Just on the internet. I don't want anyone to think i just rushed into this. Everything that I had read and seen about the breeder was good. Granted, none of their dogs were world champs, but they seemed trustworthy. Now, not so much

I just got over zealous and losing my deposit is my lesson to learn.

Thanks for all the great links to. I really appreciate all of your responses.


----------



## MaggieRoseLee (Aug 17, 2001)

volsyanks25 said:


> Just on the internet. I don't want anyone to think i just rushed into this. Everything that I had read and seen about the breeder was good. Granted, none of their dogs were world champs, but they seemed trustworthy. Now, not so much
> 
> I just got over zealous and losing my deposit is my lesson to learn.
> 
> Thanks for all the great links to. I really appreciate all of your responses.


Good luck with your research and make sure you read all the links posted. Getting a good GSD can be difficult and many of us learn the hard way. I think you may have really gotten out of it easy. 

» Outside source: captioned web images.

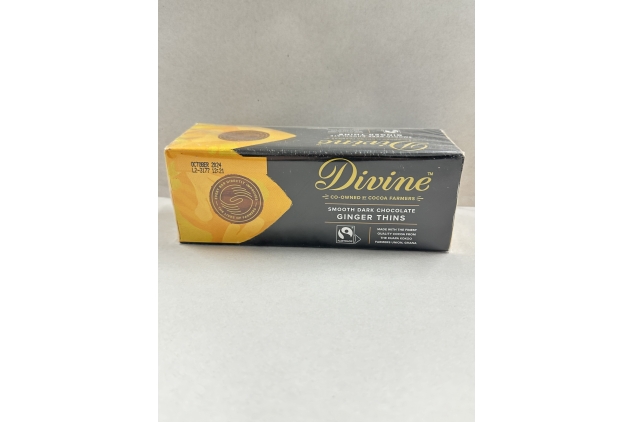 Devine Dark Chocolate Ginger Thins 200g Best Before 30/10/2024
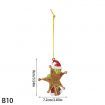 The Grinch Hiding Behind Star Sculpted Christmas Tree Hanging Ornaments 3.5 Inch Multicolor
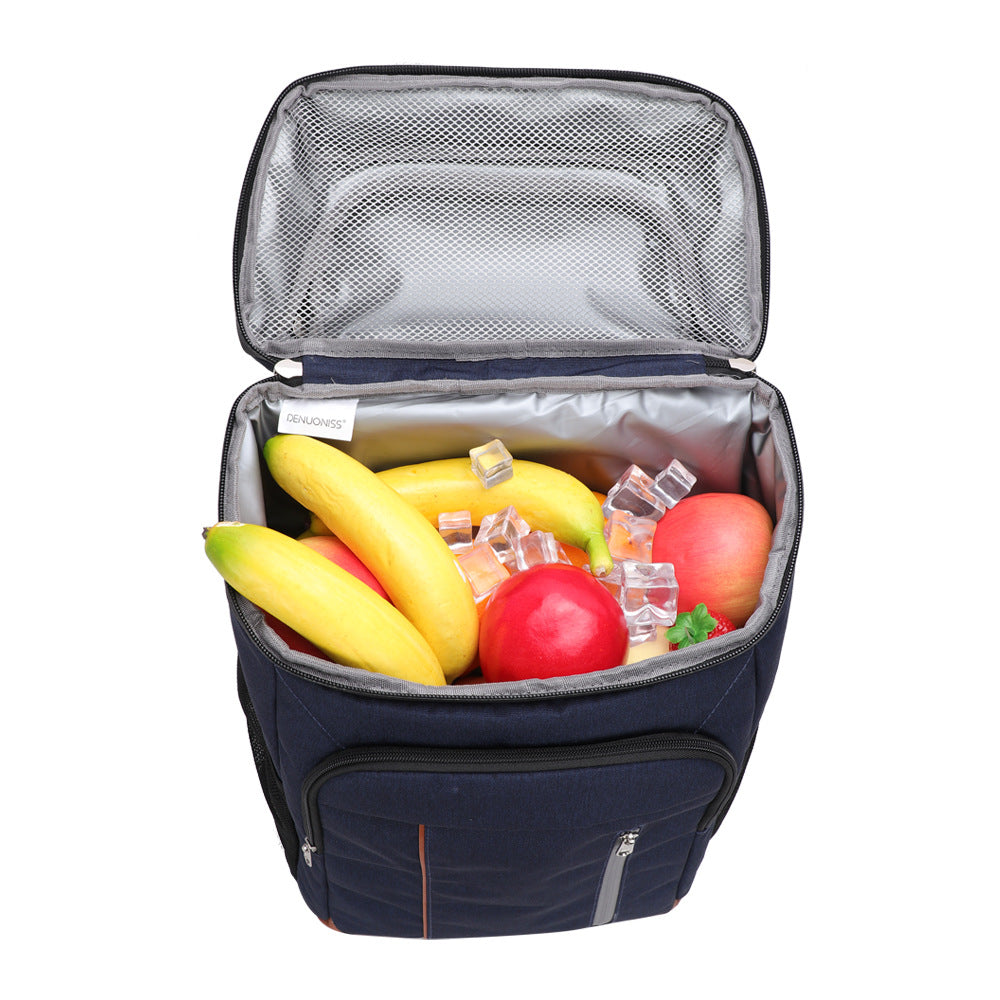 Double Layer Insulated Backpack with Bottle Opener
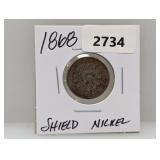 1868 Shield Nickel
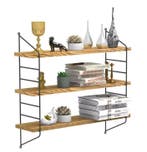 3-Lagen Wandplank – Industrieel Wandrek Hout en Metaal, Verzenden, Nieuw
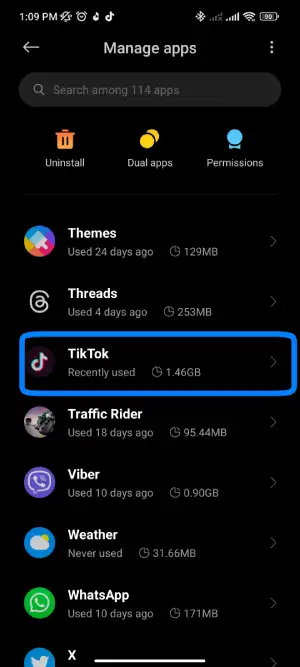 Tap On The TikTok App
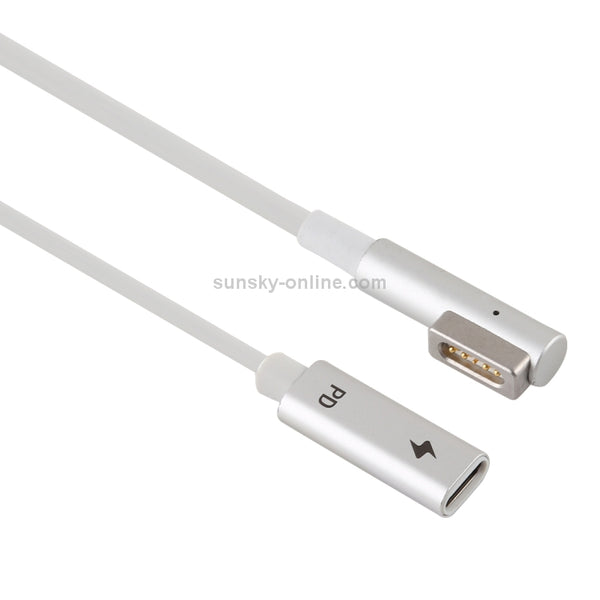 5 Pin MagSafe 1 (L-Shaped) to USB-C Type-C PD Charge Adapter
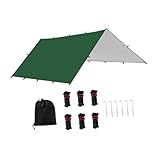QSTDGVPW Klappbare Hängemattenregen Fliegencampingausrüstung mit...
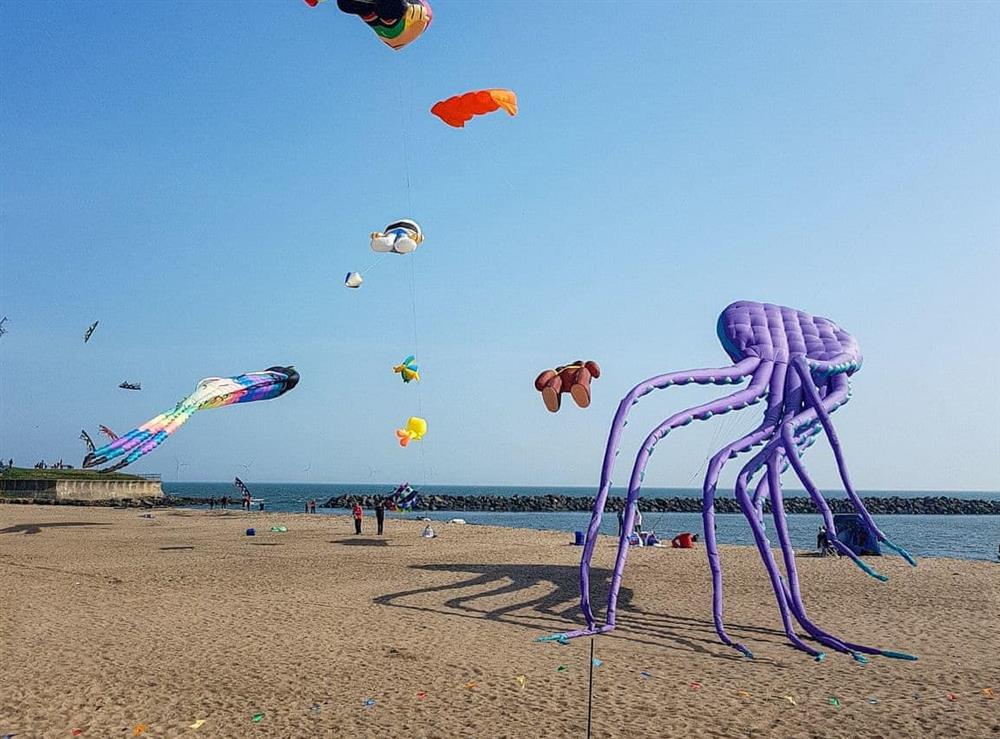 Kite festival at Anchors Point in Newbiggin-by-the-Sea, Northumberland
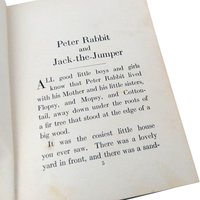 Vintage 1935 Peter Rabbit Jack the Jumper Hardcover: Linda Stevens Almond Illustrated Childrens Book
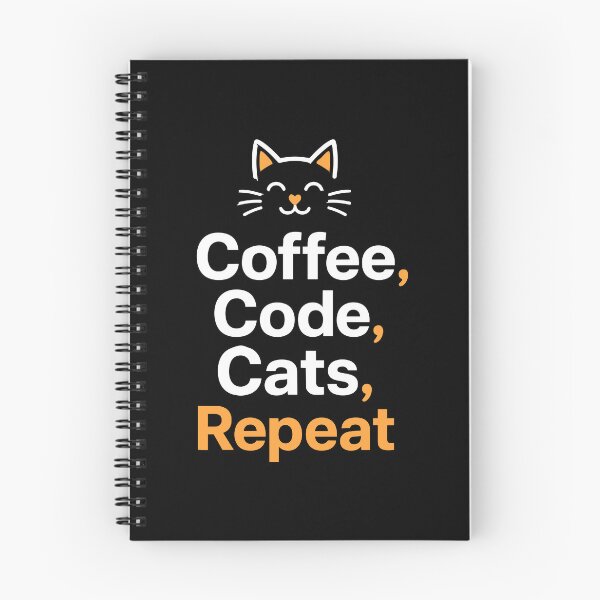 Item preview, Cat Lover and Programmer Daily Routine Funny designed and sold by AntiqueImages.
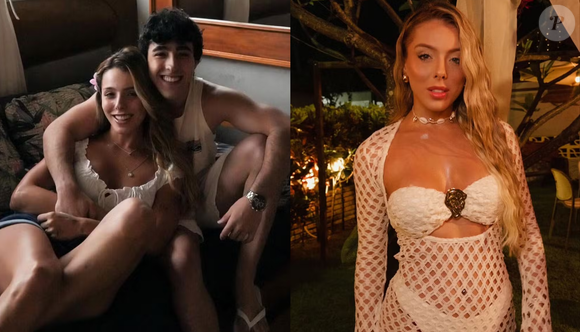 Aos 17 anos, filho de Bruno (dupla de Marrone), Enzo Rabelo assume namoro com influenciadora 10 anos mais velha e web detona: 'Namorando uma criança'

Can't wait to see your new puppy when you get it (in April or May !!! :wild: )


----------



## Lucy Dog (Aug 10, 2008)

volsyanks25 said:


> Just on the internet. I don't want anyone to think i just rushed into this. Everything that I had read and seen about the breeder was good. Granted, none of their dogs were world champs, but they seemed trustworthy. Now, not so much
> 
> I just got over zealous and losing my deposit is my lesson to learn.
> 
> Thanks for all the great links to. I really appreciate all of your responses.


If you decide to try with another breeder, don't be afraid to post the breeders website and ask for opinions. 

Also, if you need a recommendation, just start a thread and say exactly what you're looking for in a puppy. You'll get plenty of good breeder recommendations from people with experience.


----------



## volsyanks25 (Feb 6, 2011)

That sounds great^


----------



## Zoeys mom (Jan 23, 2010)

Okay 4 weeks is cruel...when you said early I thought you meant 7 weeks maybe 6, but 4 is waaaay too young. Whats your price range to spend, are you open to shipping, and most important are you into working or showline dogs?


----------



## volsyanks25 (Feb 6, 2011)

Up to $1500 is very doable. I'm open to shipping.

Do I need to start a new thread before i talk about what I want from the dog?


----------



## Emoore (Oct 9, 2002)

volsyanks25 said:


> Up to $1500 is very doable. I'm open to shipping.
> 
> Do I need to start a new thread before i talk about what I want from the dog?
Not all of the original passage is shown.